**Task description**: Pictures are to be left out; otherwise, copy exactly the lines from the line containing "Oliver Berg/dpa Die" through the end of the data.

**Data block**:

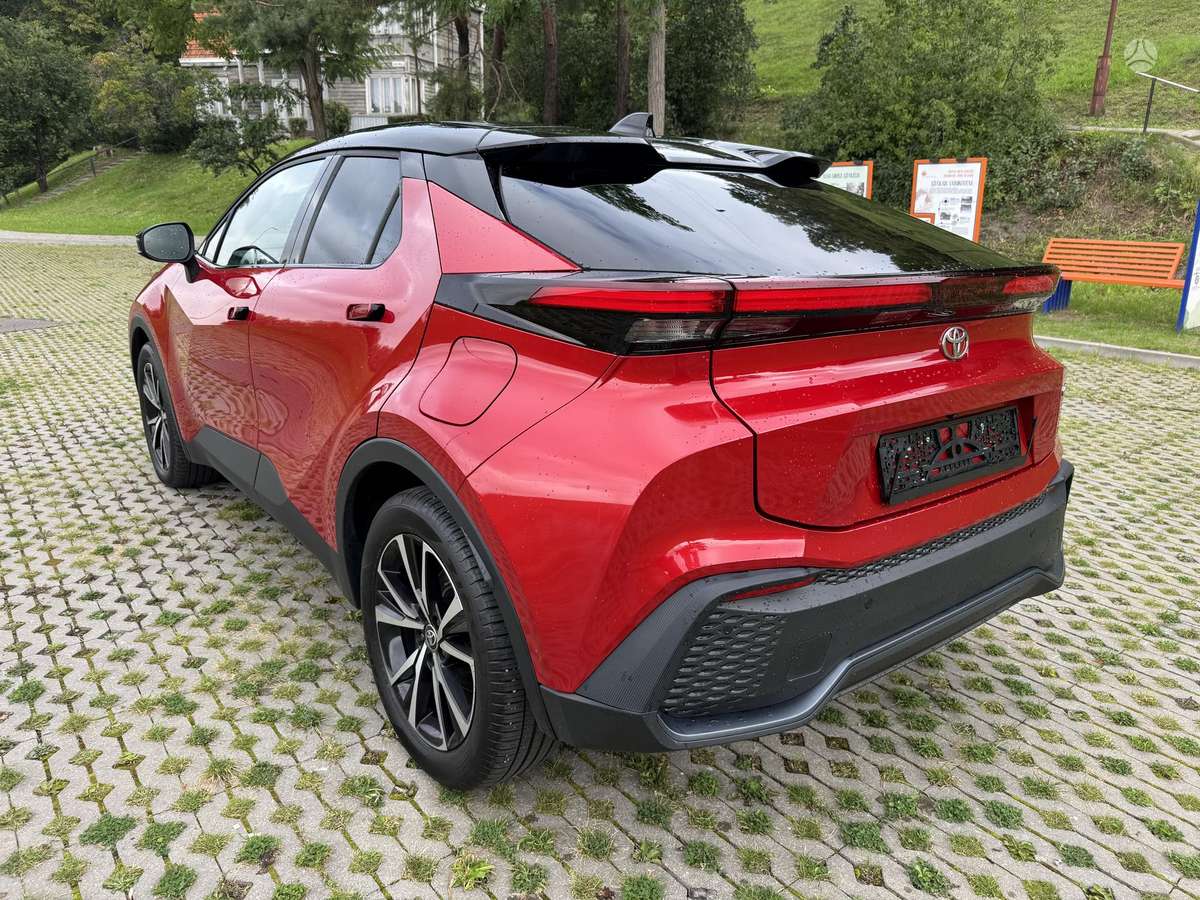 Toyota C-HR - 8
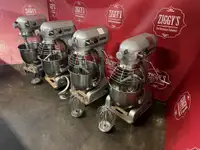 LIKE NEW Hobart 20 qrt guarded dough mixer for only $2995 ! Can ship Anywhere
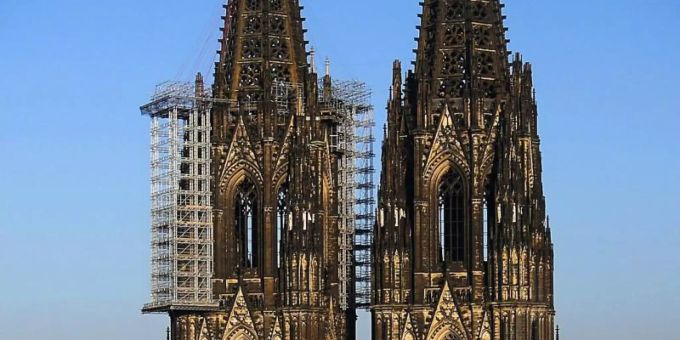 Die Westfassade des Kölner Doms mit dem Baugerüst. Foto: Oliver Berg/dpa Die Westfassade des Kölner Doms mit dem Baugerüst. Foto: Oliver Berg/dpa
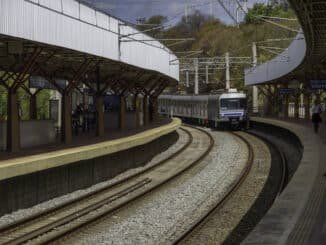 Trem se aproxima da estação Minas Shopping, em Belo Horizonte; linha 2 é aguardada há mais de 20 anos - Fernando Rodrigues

**Your solution**:
 Die Westfassade des Kölner Doms mit dem Baugerüst. Foto: Oliver Berg/dpa Die Westfassade des Kölner Doms mit dem Baugerüst. Foto: Oliver Berg/dpa
 Trem se aproxima da estação Minas Shopping, em Belo Horizonte; linha 2 é aguardada há mais de 20 anos - Fernando Rodrigues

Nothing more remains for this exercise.